Семенов отрицательно покачал головой.
– Не могу. Не положено. Наш заказчик – Владимир Григорьевич, и отчитываться я имею право только перед ним, а уж это его решение – кому позволять присутствовать при отчетах.
– Ох, эти крючкотворы-законники! – В голосе Суханова зазвенела досада.
– Валентин прав, – мягко возразила Юлия, – он связан правилами, не надо заставлять его нарушать их. Нам с тобой любопытно, а у него будут проблемы. И Владимир Григорьевич рассердится, а виноват будет Валентин.
Суханов придвинул к себе поближе листы, исписанные очень крупным почерком, что-то прочитал, что-то подчеркнул, одним словом – всячески изображал, что работает. Юлия по-прежнему молча, спокойно сидела за столом, скрестив руки на груди. Ее чай одиноко остывал в красивой чашке, она к напитку даже не притронулась. Встречаясь глазами с Валентином, дружелюбно улыбалась, обнажая в улыбке замечательные зубы, уж слишком замечательные, чтобы быть настоящими, это даже Семенов понимал.
Забродин явился с опозданием на двадцать пять минут, веселый, оживленный, энергичный.
– А вы уже чай пьете? – радостно заметил он. – Пусть мне тоже принесут.
Юлия тут же встала и направилась к стоящему в углу столику с телефоном.
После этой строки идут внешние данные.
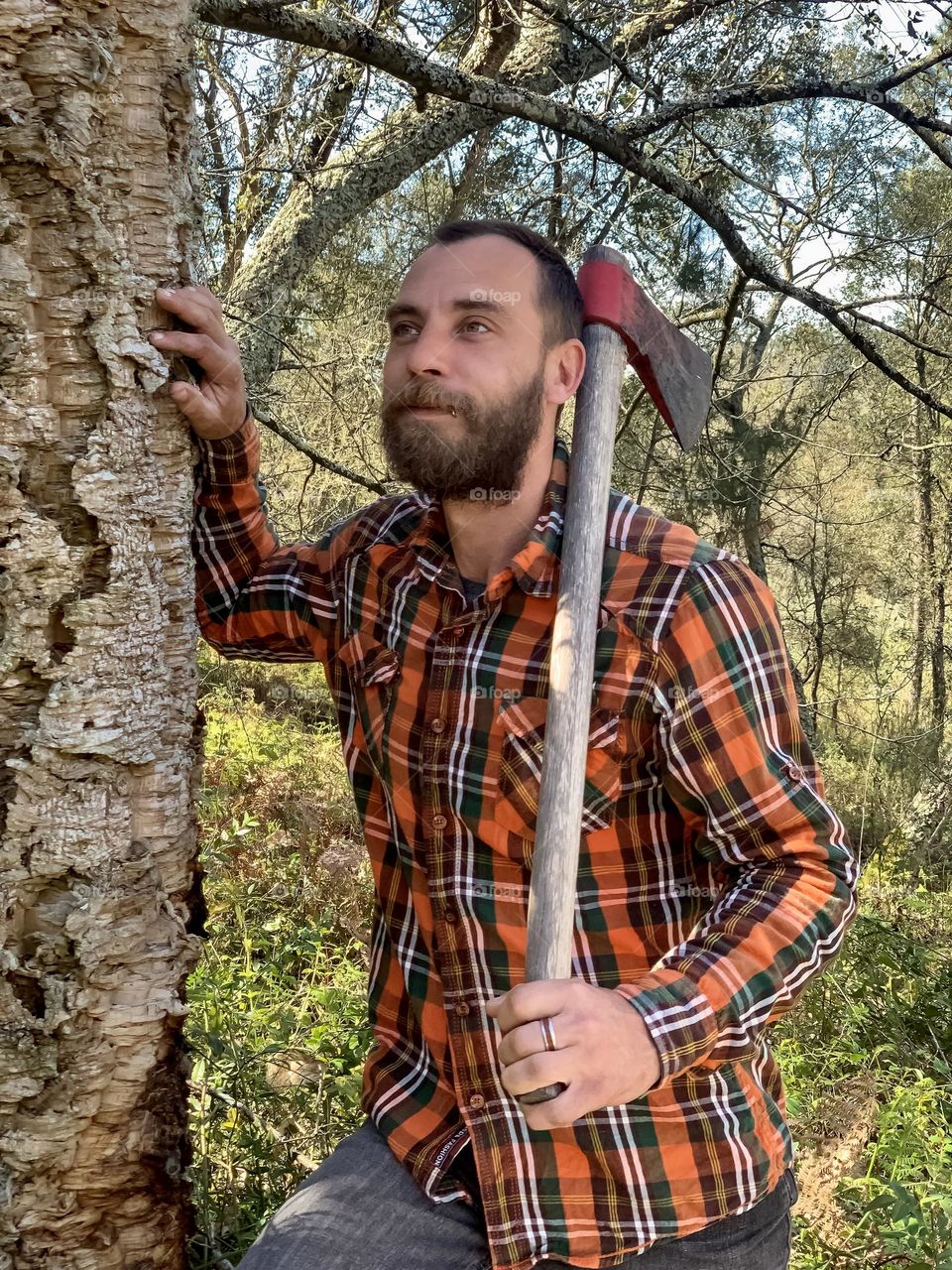 Portrait of Kevin during a break from chopping wood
Заказчик стал усаживаться за стол, и Семенов бросил уже привычный взгляд на манжеты его сорочки, выглядывающие из рукава пиджака. Очередные запонки, таких Семенов еще не видел. Интересно, сколько их у этого Забродина?
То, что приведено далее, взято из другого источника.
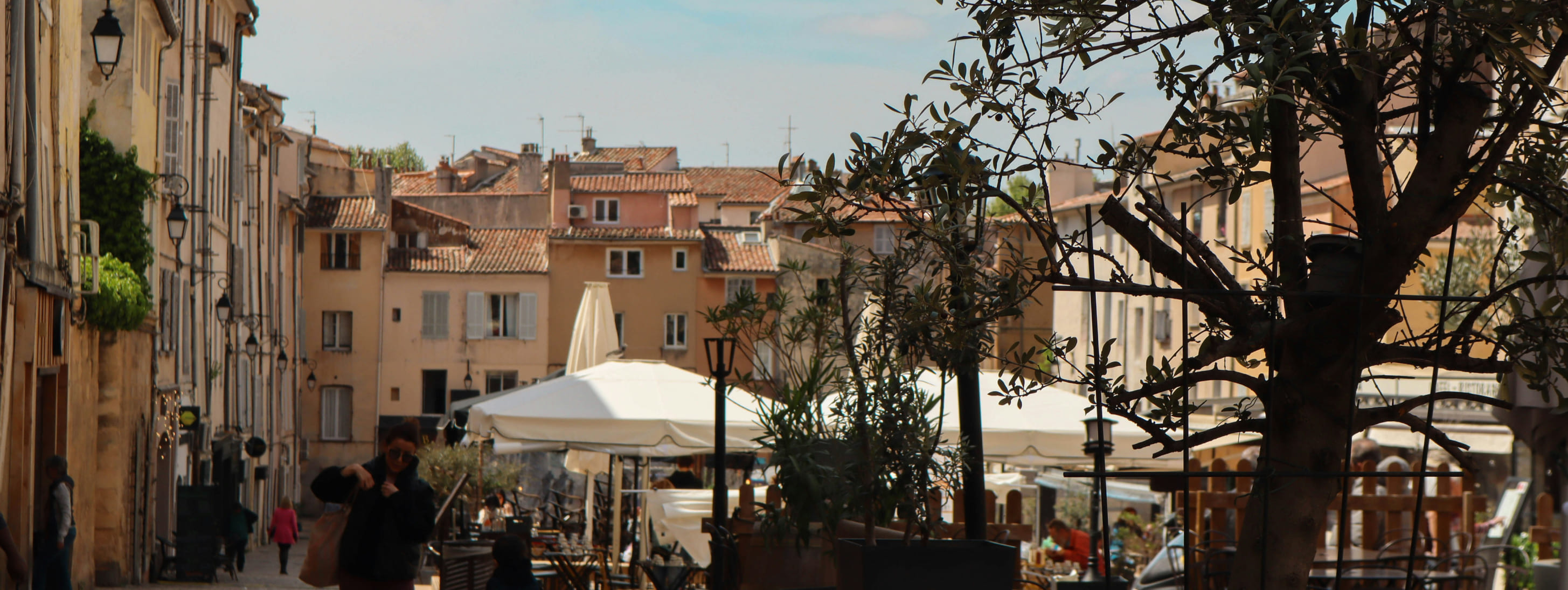 Rue ensoleillée du centre historique d'Aix-en-Provence avec des maisons aux façades ocre, des terrasses de café ombragées par des parasols blancs et un olivier au premier plan.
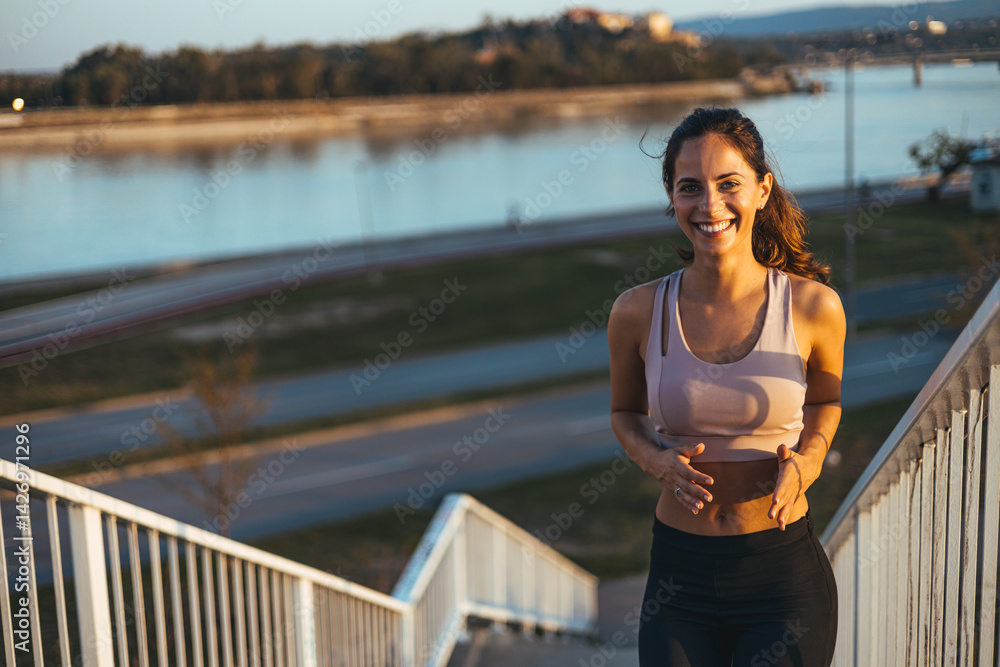 Smiling Woman on Urban Stairway Enjoying Sunset After Exercise Outdoors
– Мне тоже закажи красный чай, – бросил Суханов Юлии, не отрываясь от своих бумажек.
– Ты теперь пьешь красный чай? – удивился заказчик. – Ты же раньше пил только черный.
– Я решил попробовать, как вы и советовали, – объяснил Вячеслав. – И вы знаете, мне так понравилось! Почему я раньше его не оценил? Это же восхитительный напиток. Я его распробовал и теперь больше ничего другого пить не могу.
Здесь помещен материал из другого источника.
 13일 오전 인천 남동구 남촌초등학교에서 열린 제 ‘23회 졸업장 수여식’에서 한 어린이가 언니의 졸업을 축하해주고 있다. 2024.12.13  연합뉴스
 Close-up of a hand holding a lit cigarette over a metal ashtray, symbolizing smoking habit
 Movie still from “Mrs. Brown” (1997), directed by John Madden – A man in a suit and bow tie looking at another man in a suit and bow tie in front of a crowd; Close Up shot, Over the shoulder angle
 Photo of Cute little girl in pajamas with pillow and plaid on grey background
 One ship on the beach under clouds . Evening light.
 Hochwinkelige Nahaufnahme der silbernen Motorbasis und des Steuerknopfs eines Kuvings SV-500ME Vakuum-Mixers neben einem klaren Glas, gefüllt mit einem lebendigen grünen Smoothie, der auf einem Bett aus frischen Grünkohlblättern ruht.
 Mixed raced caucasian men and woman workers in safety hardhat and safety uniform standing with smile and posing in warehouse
Семенов перехватил слегка удивленный и насмешливый взгляд Забродина в сторону своего помощника. И что они все время переглядываются? Семенов давно заметил эту игру глазами, то Суханов на Юлию зыркнет, то она на него, то Владимир Григорьевич их обоих разглядывает, да так внимательно, что, кажется, и доклад Семенова не слушает. Ладно, не его это дело, пусть как хотят…
Он начал доклад, который то и дело прерывался странными фразами присутствующих о каких-то красных и синих баллах. Про баллы он слышал каждый раз на протяжении всех последних месяцев, но так и не понял, о чем речь.
– Мать и дочь, – говорил он, твердо памятуя о требовании заказчика не напрягать его именами и фамилиями. – Наследство получила мать…
История была простая и в то же время чудовищная. Мать, дочь и внук живут втроем в однокомнатной квартире, мужа у дочери нет. Мальчик, внук наследницы, занимается спортом, дочь мечтает сделать из него олимпийского чемпиона, но на это нужны серьезные деньги, потому что тренеров надо искать в Европе, а следовательно, нужно там жить, в России пока нет хорошей тренерской школы по этому виду спорта. Мать, наследница, – бывший хирург, спасшая множество жизней, и думает, что наследство ей оставил кто-то из спасенных ею больных, поэтому ничего не выясняет. Она категорически против спорта высоких достижений, ибо как врач очень хорошо знает, чем это заканчивается: человек в молодом возрасте остается с кучей болезней, инвалидностью и без профессии в руках. Она хотела положить деньги на книжку до совершеннолетия внука. Дочь с таким решением не согласна, она требовала деньги на то, чтобы готовить сына к олимпийским победам за границей, но мать все равно сделала по-своему и деньги положила на счет в банке, сказав, что отдаст их внуку только тогда, когда он станет взрослым. Возник длительный и тяжелый конфликт, в результате которого мать не выдержала, собрала вещи и уехала жить на дачу. Да и немудрено, в такой маленькой квартирке при таком серьезном конфликте ужиться трудно.